Ah, the Dubai Canal, the city's newest attraction that people are still figuring out how to access. But that hasn't stopped residents from figuring out on their own.
Despite the Canal being an attractive eyeful, there is more than meets the eye and we head out to the Dubai Canal to discover some interesting facts about its construction as well as some nuggets of knowledge you should know before ever going there.
Charging stations are EVERYWHERE
So you go to the Canal and obviously enjoy the marvelous view, take some photos but no! You run out of batteries, worry not, the Canal has charging stations around the vicinity and you can usually identify them by the black plastic looking protrusions on some of the lampposts, they even have a small table so you can put down your phone and enjoy the waterfalls on the side of Shaikh Zayed Road.

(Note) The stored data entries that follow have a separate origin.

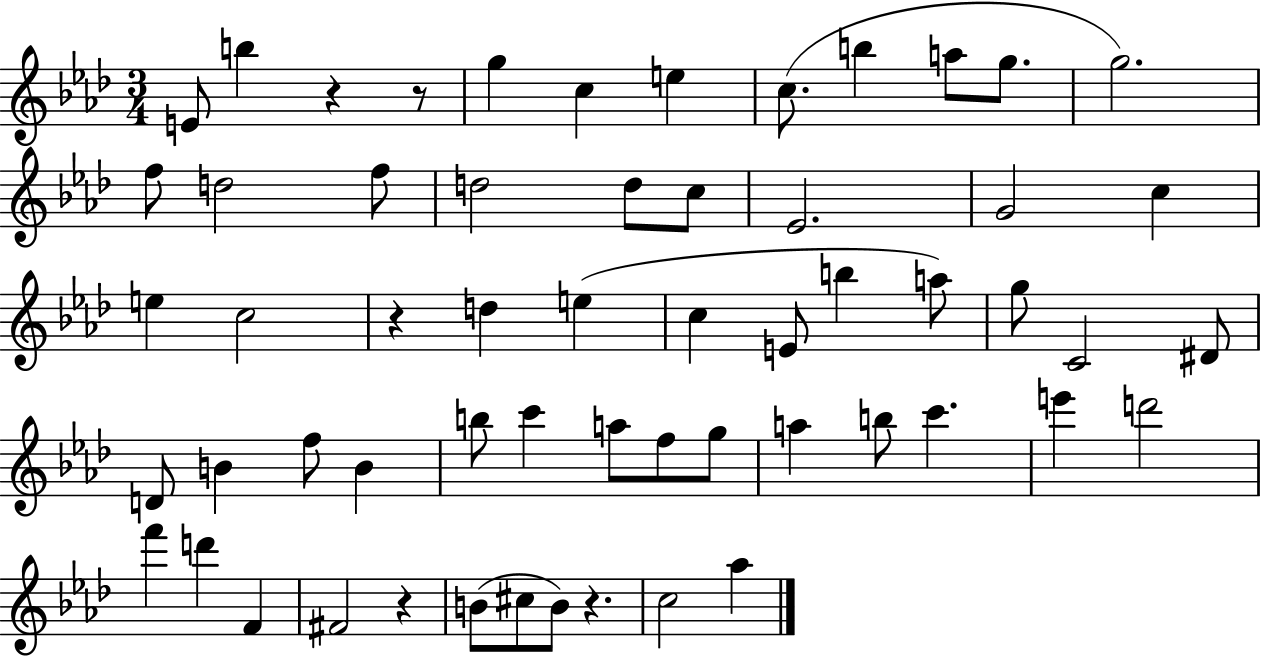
{
  \clef treble
  \numericTimeSignature
  \time 3/4
  \key aes \major
  e'8 b''4 r4 r8 | g''4 c''4 e''4 | c''8.( b''4 a''8 g''8. | g''2.) | \break f''8 d''2 f''8 | d''2 d''8 c''8 | ees'2. | g'2 c''4 | \break e''4 c''2 | r4 d''4 e''4( | c''4 e'8 b''4 a''8) | g''8 c'2 dis'8 | \break d'8 b'4 f''8 b'4 | b''8 c'''4 a''8 f''8 g''8 | a''4 b''8 c'''4. | e'''4 d'''2 | \break f'''4 d'''4 f'4 | fis'2 r4 | b'8( cis''8 b'8) r4. | c''2 aes''4 | \break \bar "|."
} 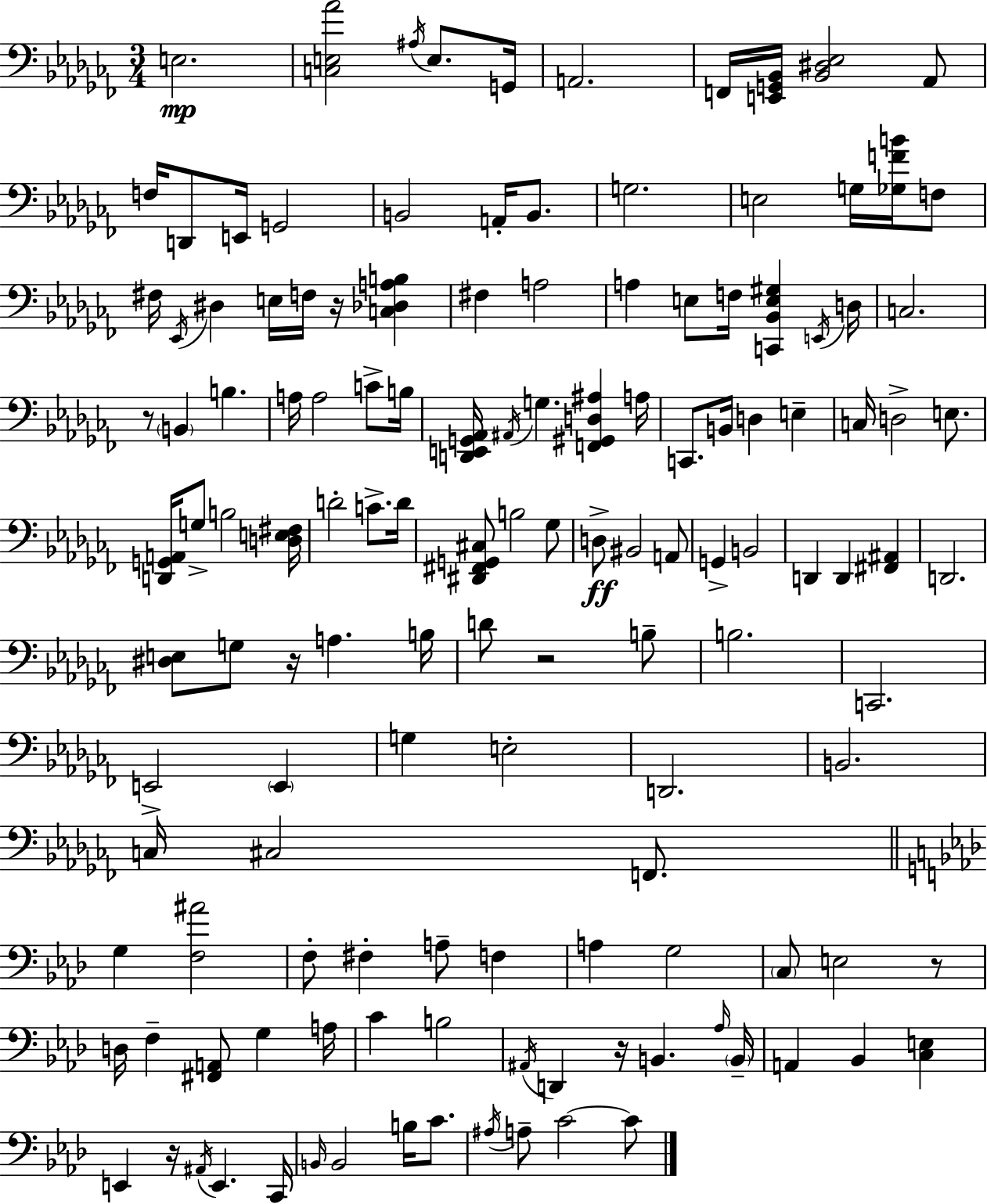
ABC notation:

X:1
T:Untitled
M:3/4
L:1/4
K:Abm
E,2 [C,E,_A]2 ^A,/4 E,/2 G,,/4 A,,2 F,,/4 [E,,G,,_B,,]/4 [_B,,^D,_E,]2 _A,,/2 F,/4 D,,/2 E,,/4 G,,2 B,,2 A,,/4 B,,/2 G,2 E,2 G,/4 [_G,FB]/4 F,/2 ^F,/4 _E,,/4 ^D, E,/4 F,/4 z/4 [C,_D,A,B,] ^F, A,2 A, E,/2 F,/4 [C,,_B,,E,^G,] E,,/4 D,/4 C,2 z/2 B,, B, A,/4 A,2 C/2 B,/4 [D,,E,,G,,_A,,]/4 ^A,,/4 G, [F,,^G,,D,^A,] A,/4 C,,/2 B,,/4 D, E, C,/4 D,2 E,/2 [D,,G,,A,,]/4 G,/2 B,2 [D,E,^F,]/4 D2 C/2 D/4 [^D,,^F,,G,,^C,]/2 B,2 _G,/2 D,/2 ^B,,2 A,,/2 G,, B,,2 D,, D,, [^F,,^A,,] D,,2 [^D,E,]/2 G,/2 z/4 A, B,/4 D/2 z2 B,/2 B,2 C,,2 E,,2 E,, G, E,2 D,,2 B,,2 C,/4 ^C,2 F,,/2 G, [F,^A]2 F,/2 ^F, A,/2 F, A, G,2 C,/2 E,2 z/2 D,/4 F, [^F,,A,,]/2 G, A,/4 C B,2 ^A,,/4 D,, z/4 B,, _A,/4 B,,/4 A,, _B,, [C,E,] E,, z/4 ^A,,/4 E,, C,,/4 B,,/4 B,,2 B,/4 C/2 ^A,/4 A,/2 C2 C/2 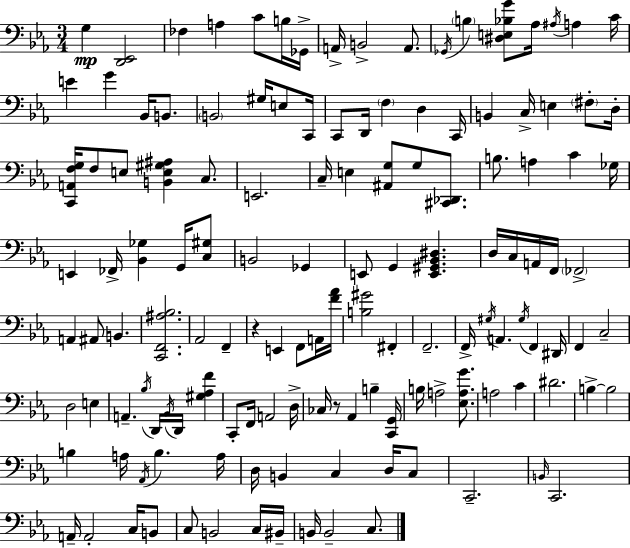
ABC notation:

X:1
T:Untitled
M:3/4
L:1/4
K:Eb
G, [D,,_E,,]2 _F, A, C/2 B,/4 _G,,/4 A,,/4 B,,2 A,,/2 _G,,/4 B, [^D,E,_B,G]/2 _A,/4 ^A,/4 A, C/4 E G _B,,/4 B,,/2 B,,2 ^G,/4 E,/2 C,,/4 C,,/2 D,,/4 F, D, C,,/4 B,, C,/4 E, ^F,/2 D,/4 [C,,A,,F,G,]/4 F,/2 E,/2 [B,,E,^G,^A,] C,/2 E,,2 C,/4 E, [^A,,G,]/2 G,/2 [^C,,_D,,]/2 B,/2 A, C _G,/4 E,, _F,,/4 [_B,,_G,] G,,/4 [C,^G,]/2 B,,2 _G,, E,,/2 G,, [E,,^G,,_B,,^D,] D,/4 C,/4 A,,/4 F,,/4 _F,,2 A,, ^A,,/2 B,, [C,,F,,^A,_B,]2 _A,,2 F,, z E,, F,,/2 A,,/4 [F_A]/4 [B,^G]2 ^F,, F,,2 F,,/4 ^G,/4 A,, ^G,/4 F,, ^D,,/4 F,, C,2 D,2 E, A,, _B,/4 D,,/4 _B,,/4 D,,/4 [^G,_A,F] C,,/2 F,,/4 A,,2 D,/4 _C,/4 z/2 _A,, B, [C,,G,,]/4 B,/4 A,2 [_E,A,G]/2 A,2 C ^D2 B, B,2 B, A,/4 _A,,/4 B, A,/4 D,/4 B,, C, D,/4 C,/2 C,,2 B,,/4 C,,2 A,,/4 A,,2 C,/4 B,,/2 C,/2 B,,2 C,/4 ^B,,/4 B,,/4 B,,2 C,/2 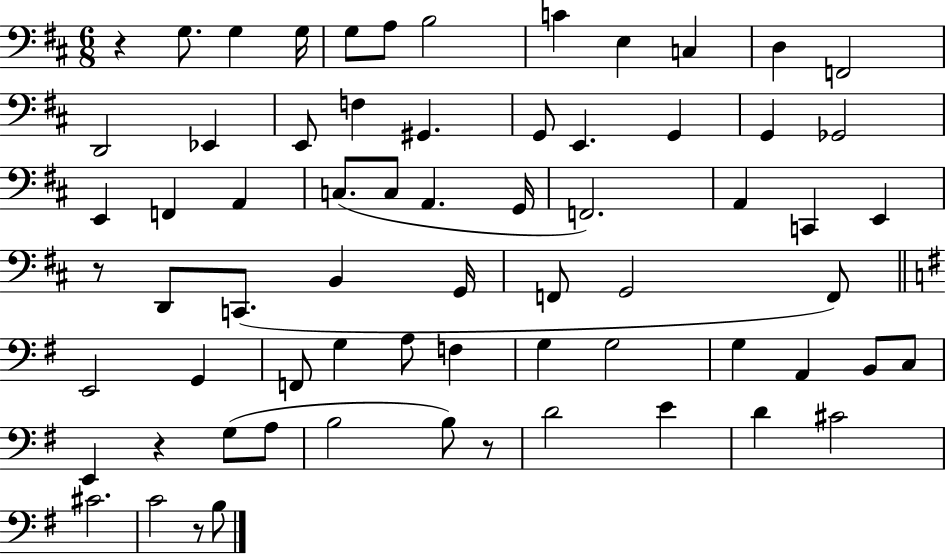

Streetlights in the Canal are solar-powered
As part of the sustainable city envisioned by His Highness Shaikh Mohammed bin Rashid Al Maktoum, Vice-President and Prime Minister of the UAE and Ruler of Dubai, the streetlamps around the Canal are powered by solar panels to reduce the dependency on electricity.
Parking underneath Shaikh Zayed Road is PAID
Save yourself a couple of dirhams and avoid being fined by getting a parking ticket from one of the machines around the car park underneath Shaikh Zayed Road. There's even a number code already if you prefer paying for parking thru SMS.
The waterfalls start around 8:00pm and end at 10:00pm
You haven't been to the Canal if you haven't seen the water cascade along the sides of Shaikh Zayed Road. That being said, the best time to visit the Canal are between 8-10pm when the water starts flowing. Bonus Fun Fact: If any water transport passes through the waterfall, the water 'opens up' and makes way for the craft.
One of the bridges on the Canal is inspired by...
San Francisco's Golden Gate Bridge. The bridge in question is the one with the blue arc where cyclists can also cross. People can still walk on it, but one might feel a slight shake on the ground here and there, this is because the bridge is supported by suspension cables to keep it up.